**Required work**. The data below should be retyped exactly, with the pictures left out.

**Provided data**.
■ ■ ■ ■ ■ ■ ■
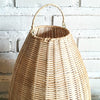 Wide Teardrop Rattan Lamp Shade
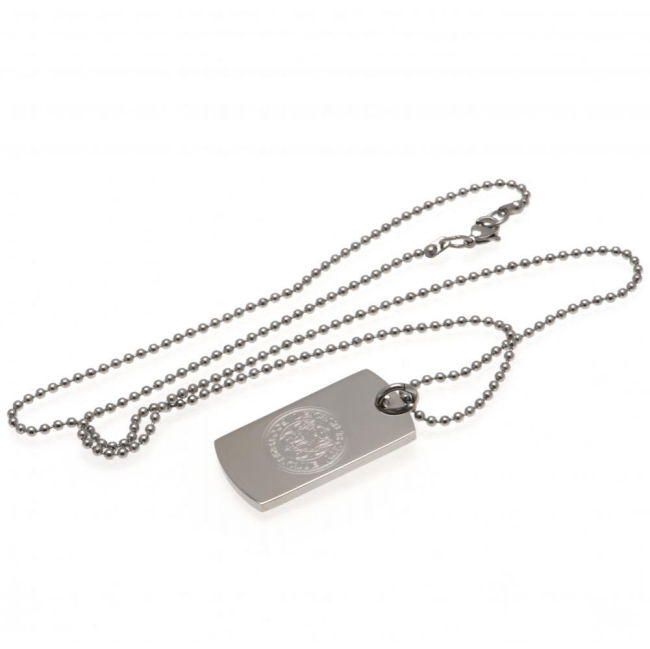 Men's Leicester City FC Engraved Dog Tag & Chain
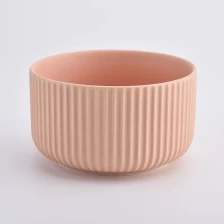 China Large strips ceramic candle containers for candle wax manufacturer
■ ■ ■ ■ ■ ■ ■
**Result for this task**.
 Wide Teardrop Rattan Lamp Shade
 Men's Leicester City FC Engraved Dog Tag & Chain
 China Large strips ceramic candle containers for candle wax manufacturer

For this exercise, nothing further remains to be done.